Black And Red Raspberries: The Dynamic Duo
Both traditional (red) raspberries and black raspberries offer incredible nutritional benefits in terms of fiber and antioxidants, but each also has more benefits than people realize. History reveals the traditional usage of blackberry fruit, leaf, bark and roots by the Romans and Greeks for healing numerous health conditions ranging from a mild infection to venomous bites. In fact, during the 18th century the Greek cure of using blackberry for treating gout was so influential in Europe that it was famously known as the ‘gout berry’.
Specifically, because of their high fiber count, they both help control blood sugar while lowering cholesterol and blood pressure. They do this by improving the lining of blood vessels.

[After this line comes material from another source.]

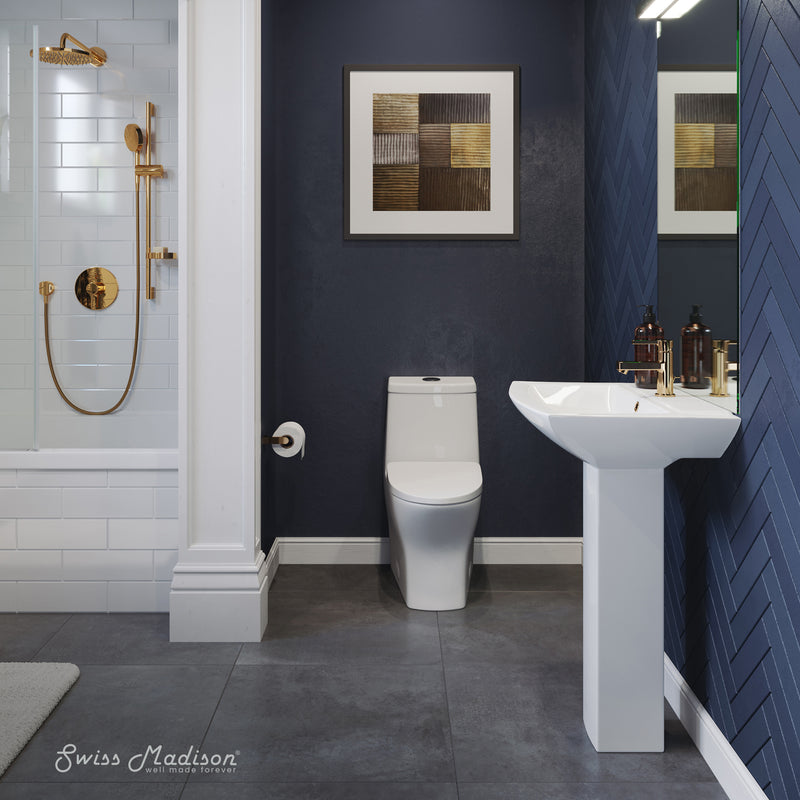 Swiss Madison Sublime Two-Piece Glossy White Ceramic Rectangular Pedestal Sink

Women need around 25 grams of fiber per day, and men need 38 grams. One cup of raspberries yields 9.2 grams of fiber, while 1 cup of blackberries provides 8.8 grams. Both provide roughly 35 percent of a woman’s daily fiber needs and 24 percent of a man’s. Not too bad at all!
Both are high in catechins — a compound that can help to oxidize fat. A study from a 2012 edition of the “Journal of Agricultural Food and Chemistry” also found that eating berries may help prevent age-related decline in brain function. Research studies have suggested that polyphenolic components present in black raspberries help retard the age-related decline in motor and cognitive activity attributing to their super antioxidant power. Regular consumption of blackberries may prove useful in enhancing the memory performance and improves behavioral and neuronal functions.
Black raspberries and traditional contain large amounts of anthocyanins, and around three times the antioxidants found in blackberries. They are also one of the most well-researched berries, especially in the area of cancer prevention. Rich in ellagic acid, anthocyanins and antioxidants, black raspberries have been called the “king of berries” for their superior health benefits.
Studies at Ohio State University have found significant decreases in colon tumors in rats and esophageal tumors in mice fed a diet with black raspberries. In vitro studies have shown that extracts of raspberries and blackberries may slow the growth of breast cervical, colon and esophageal cancers. Studies now on human patients are showing promise as well.